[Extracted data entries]

--------------------------------

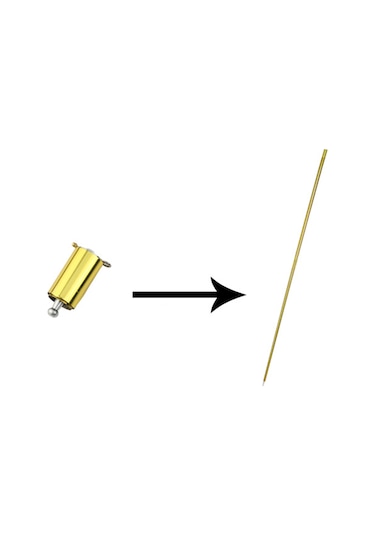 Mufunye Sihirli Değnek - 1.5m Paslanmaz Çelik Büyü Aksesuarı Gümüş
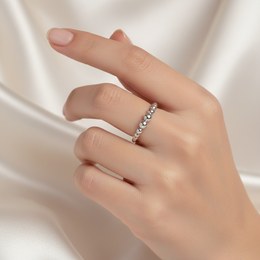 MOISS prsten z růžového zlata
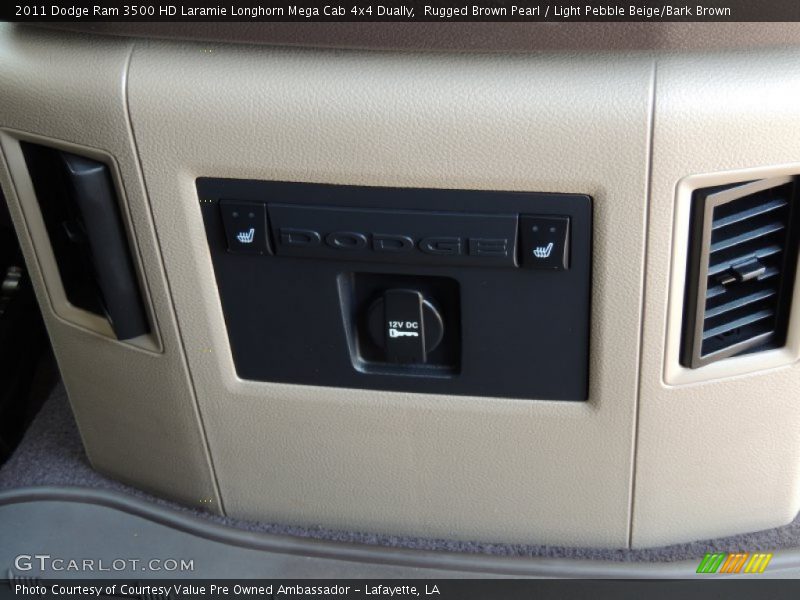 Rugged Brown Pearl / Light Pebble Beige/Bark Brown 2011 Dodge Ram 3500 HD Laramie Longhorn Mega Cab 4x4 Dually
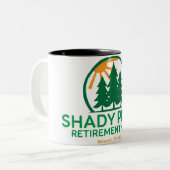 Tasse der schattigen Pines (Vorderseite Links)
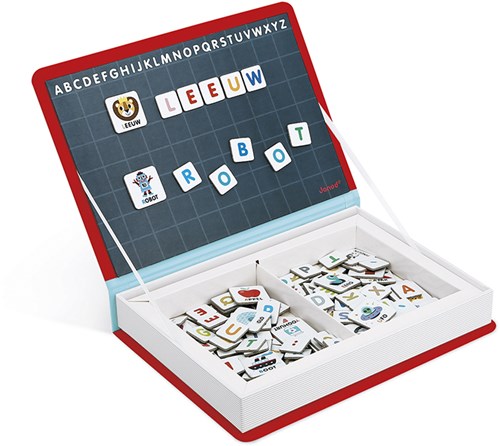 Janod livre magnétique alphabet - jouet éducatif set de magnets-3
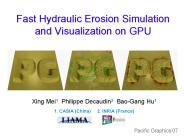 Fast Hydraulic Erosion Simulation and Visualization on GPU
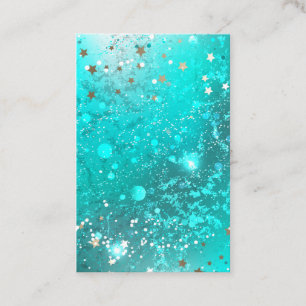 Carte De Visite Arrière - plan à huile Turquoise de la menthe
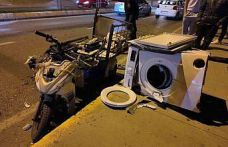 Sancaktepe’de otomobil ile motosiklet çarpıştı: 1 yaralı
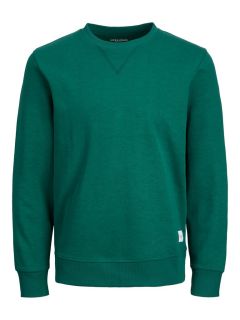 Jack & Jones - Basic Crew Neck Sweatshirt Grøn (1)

--------------------------------

▶ PROBLEM DETAILS
Return every record exactly, minus the pictures.

▶ RESPONSE TO THIS TASK
 Mufunye Sihirli Değnek - 1.5m Paslanmaz Çelik Büyü Aksesuarı Gümüş
 MOISS prsten z růžového zlata
 Rugged Brown Pearl / Light Pebble Beige/Bark Brown 2011 Dodge Ram 3500 HD Laramie Longhorn Mega Cab 4x4 Dually
 Tasse der schattigen Pines (Vorderseite Links)
 Janod livre magnétique alphabet - jouet éducatif set de magnets-3
 Fast Hydraulic Erosion Simulation and Visualization on GPU
 Carte De Visite Arrière - plan à huile Turquoise de la menthe
 Sancaktepe’de otomobil ile motosiklet çarpıştı: 1 yaralı
 Jack & Jones - Basic Crew Neck Sweatshirt Grøn (1)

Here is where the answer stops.